Reproduce the entries in full and exactly. Pictures stay out.

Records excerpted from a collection
[Start of Attachment]
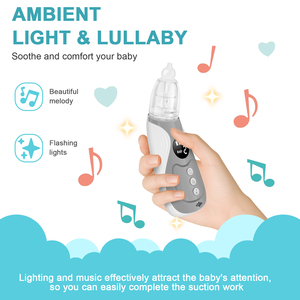 Aspirateur nasal électrique pour bébé en gros, faible bruit, recharge USB, silicone souple, coloré, avec comptes à rebours, soulage la congestion nasale du bébé - Product Image 2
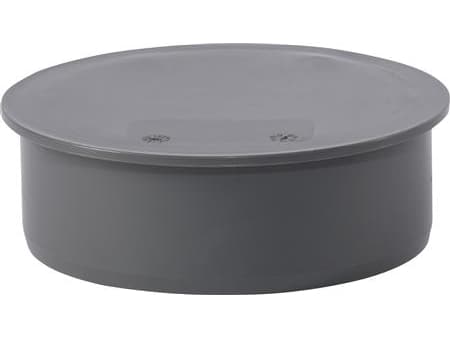 110 mm Tulppatyhjennys PP harmaa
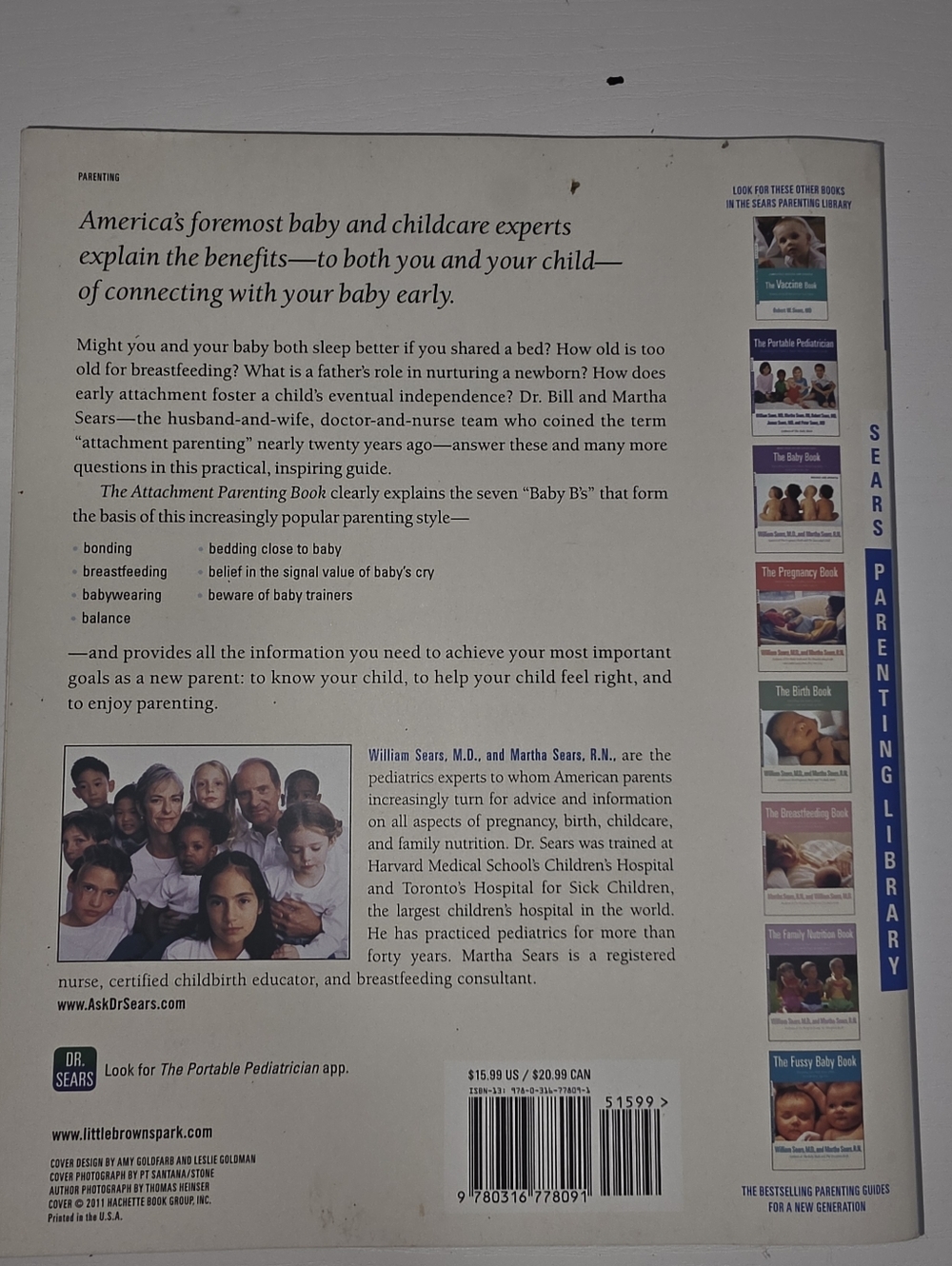 The Attachment Parenting Book by William & Martha Sears - Paperback - Picture 2 of 4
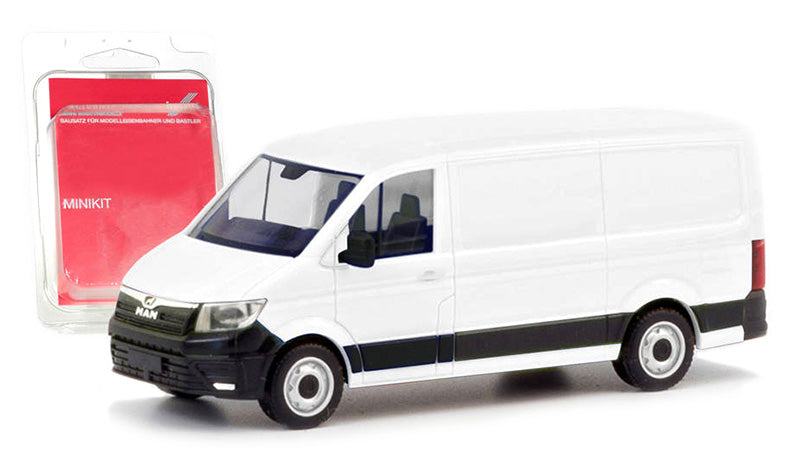Herpa 013857 1/87 Scale MAN TGE Flat Roof Cargo Van Minikit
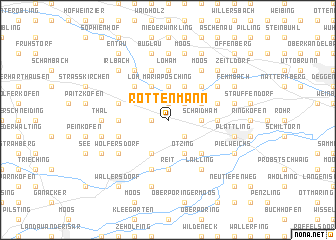 map of Rottenmann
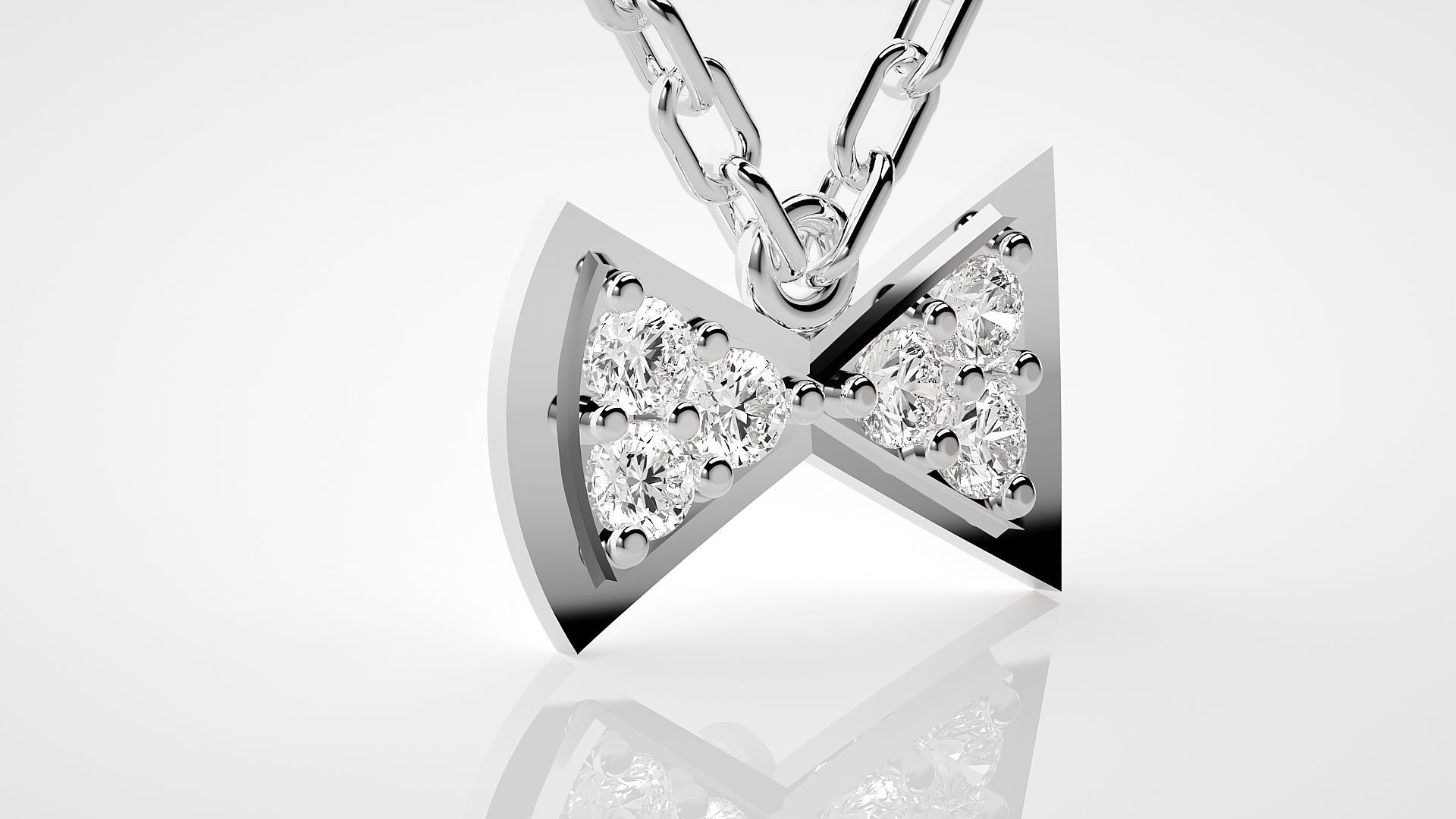 Bow-tie pendant 3dm stl render details 3D print model_10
[End of Attachment]
Your solution
 Aspirateur nasal électrique pour bébé en gros, faible bruit, recharge USB, silicone souple, coloré, avec comptes à rebours, soulage la congestion nasale du bébé - Product Image 2
 110 mm Tulppatyhjennys PP harmaa
 The Attachment Parenting Book by William & Martha Sears - Paperback - Picture 2 of 4
Herpa 013857 1/87 Scale MAN TGE Flat Roof Cargo Van Minikit
 map of Rottenmann
 Bow-tie pendant 3dm stl render details 3D print model_10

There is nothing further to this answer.